第57章 大輪菊
槇「泰葉さんをもっと早く連れてきてやりたかったが、すまないな。」
「いえ、なかなかたくさんの出来事が立て込んでましたからね。」
仏壇には毎日手を合わせているものの、墓には赴くことができずにいたことは、ずっと泰葉の胸にも引っかかっていた。
だから今日はこうして行けることを、言い方がおかしいかもしれないが楽しみにしていたのだ。

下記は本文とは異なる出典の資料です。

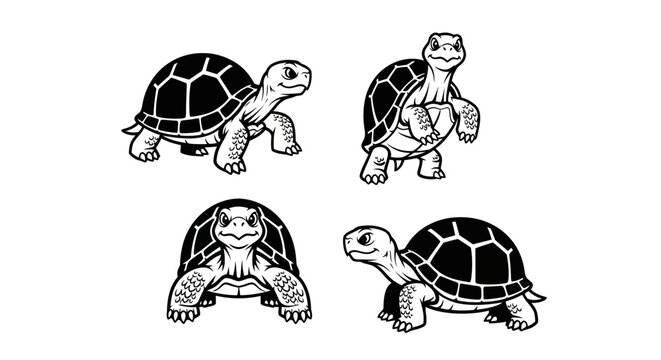 Four Black and White Turtle Illustrations in Various Poses.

「瑠火様にも、全てが終わったことをご報告しなくてはなりませんね。」
杏「あぁ。母上も喜んでおられるだろう!鬼もいない平和な世になり、この様な可愛らしい娘ができるのだからな!」
ニッと笑いながら泰葉の腰に手を回す杏寿郎。
やはり、この恥ずかしいことをさらっと言われるのには、どうしても慣れない。
「もうっ、そんなことを…」
大きな声で言わないでと言おうとした時、千寿郎がポツリと疑問を呟いた。
千「泰葉さんが正式にお嫁さんになったならば、義姉上と呼んだ方が良いですか?」
確かに立場上は義姉に当たるのでそう呼ばれるのが普通なのかもしれないが、なんとなくこそばゆい。
「んー、千寿郎くんの呼びたい様で構わないけれど…。
私的には今まで通りの方が嬉しいかな。」
そう伝えると、んー…と悩みだす千寿郎。
しばらく黙っていると、ポンと両手を合わせた。
千「僕は正直、どちらとも呼びたいのです。義姉上とも呼びたいし、今まで通り泰葉さんとも呼びたい。
…なので使い分けようと思います。」
女兄弟がいなかった為、やっぱり憧れがある様だ。
千寿郎は自分の中で納得した様にうんうんと嬉しそうに頷いている。
まぁ、千寿郎がそうしたいなら、こちらとしても断る理由はない。
そんな義弟の姿を見ながら微笑ましく思った。